The same question came up in the case of Davis v. Berry (D. C.) 216 Fed. 413. There Judges Smith, Pollock, and Smith McPherson had under consideration an Iowá statute directing the óperation of vasectomy to be performed upon convicts in the state prison who had been twice convicted of a felony. After going into the history of similar punishments, the court says:
“When Blackstone wrote his Commentaries, he did not mention castration as one of the cruel punishments, quite likely for the reason that, with -the advance of civilization, the operation was looked upon as too cruel, and was no longer performed. But each operation is to destroy the power of procreation. It is, of course, to follow the man during the balance of his life. The physical suffering may not be so great, but that is not the only test of cruel punishment; the humiliation, the degradation, the mental suffering are always present and known by all the public, and will follow him. wheresoever he may go. This belongs to the Dark Ages. * * * Our conclusion is that the infliction of this penalty is in violation of the Constitution, which provides that cruel and unusual punishment shall not be inflicted.”
Vasectomy in itself is not cruel; it is no more cruel than branding, the amputation of a finger, the slitting of a tongue, or the cutting off of an ear; but, when resorted to as punishment, it is ignominious and degrading, and in that sense is cruel. Certainly it would be unusual in Nevada. It may well be that it came in the minds of the men gathered in the constitutional convention of this *691state that there could be unwise punishment without the infliction of physical pain; that legislators, under the stress of unusual conditions and peculiarly atrocious crime, might hastily adopt strange methods of repression, unknown to our criminal practice and harmful to the state.
Reformation of the criminal is a wise and humane purpose of punishment, to be disregarded only when the death penalty is inflicted. It needs no argument to establish the proposition that degrading and humiliating punishment is not conducive to the resumption of upright and self-respecting life. When the penalty is paid, when the offender is free to resume his place in society,‘he should not be handicapped by the consciousness that he bears on his person, and will carry to his grave, a mutilation which, as punishment, is a brand of infamy. True, rape is an infamous crime; the punishment should be severe; but even for such an offender the way to an upright life, if life is spared, should not be unnecessarily obstructed.

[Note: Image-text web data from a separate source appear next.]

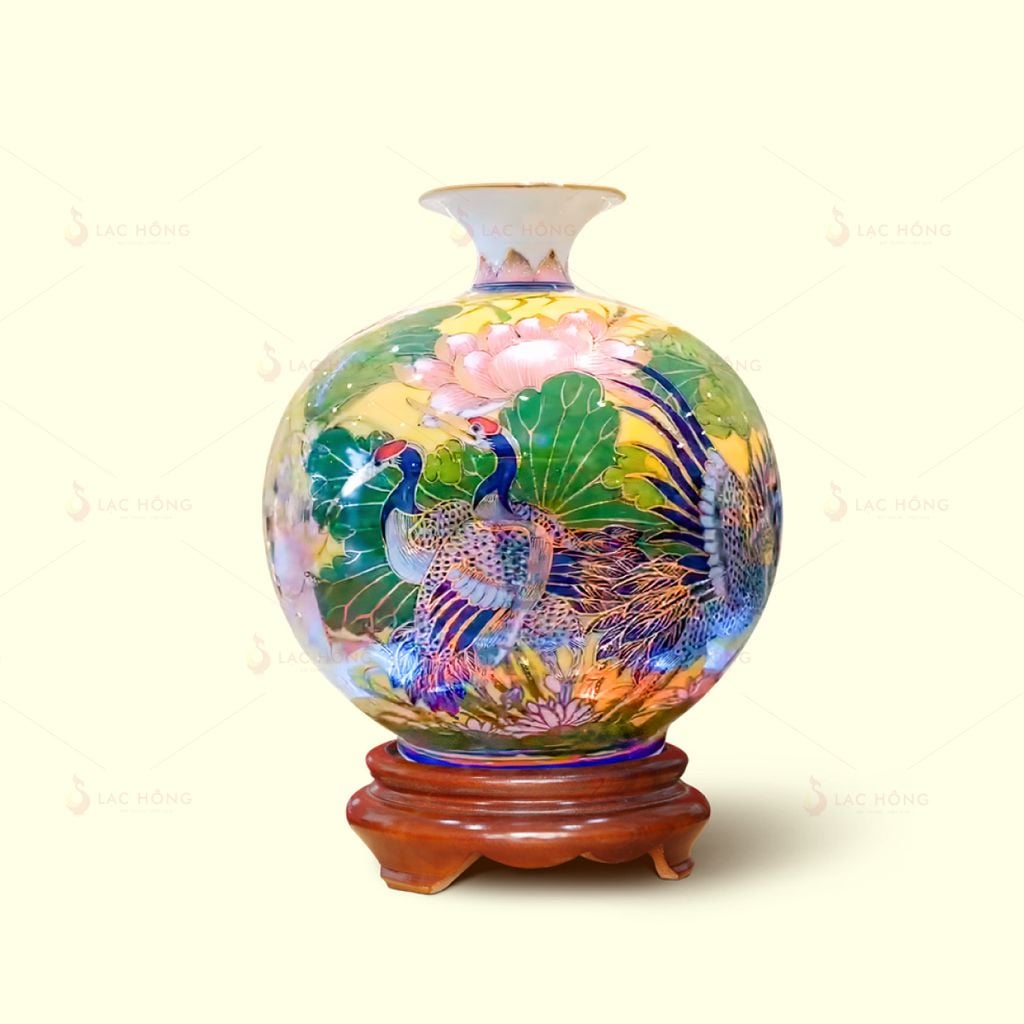 Quả Hút Lộc Sen Hạc Bình An Kẻ Vàng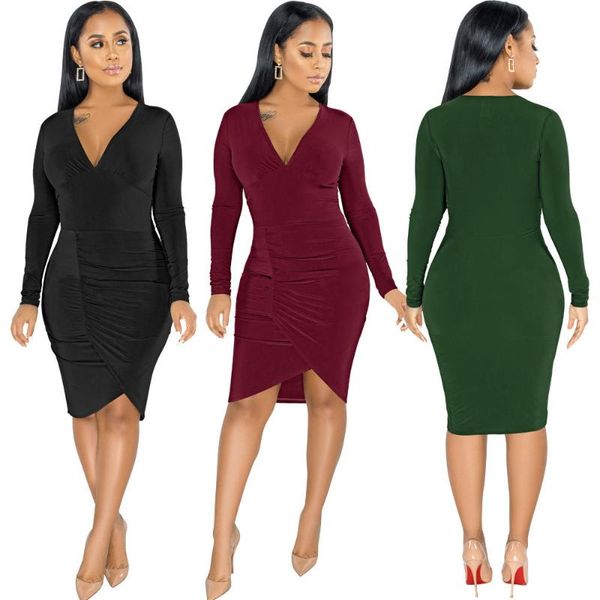 2020 deep v neck dress women elegant skinny solid mini long sleeve dresses autumn winter party club pleated dress vestidos, Black;gray
2020 deep v neck dress women elegant skinny solid mini long sleeve dresses autumn winter party club pleated dress vestidos, Black;gray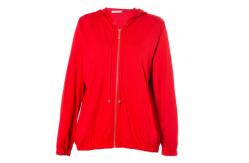 China Red Leisure Ladies Thin Jacket With Hat , Modern Spring Autumn Coat Womens supplier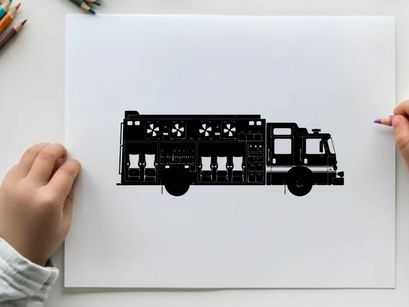 Fire truck silhouette illustration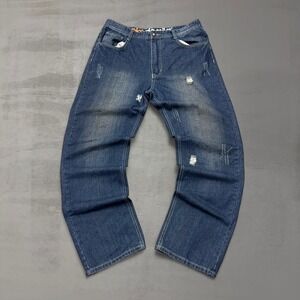 AKADEMIKS Vintage Blue Faded Baggy Crazy Y2K Denim Wide Leg Jeans 36 x 33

It will not do tO' argue that, inasmuch as the death penalty may be inflicted for this crime, vasectomy, or any other similar mutilation of the body, cannot be regarded as cruel, because the greater includes the less. The fact that the extreme penalty is not exacted is evidence that the criminal is considered worthy to live, and to attempt reformation. For him, and for society, a fair opportunity to retrieve his fall is quite as important as the eugenic possibilities of vasectomy.
A decree will be entered in favor of the plaintiff, restraining the warden and the physician of the Nevada State Prison from performing the proposed operation of vasectomy on the person of the plaintiff.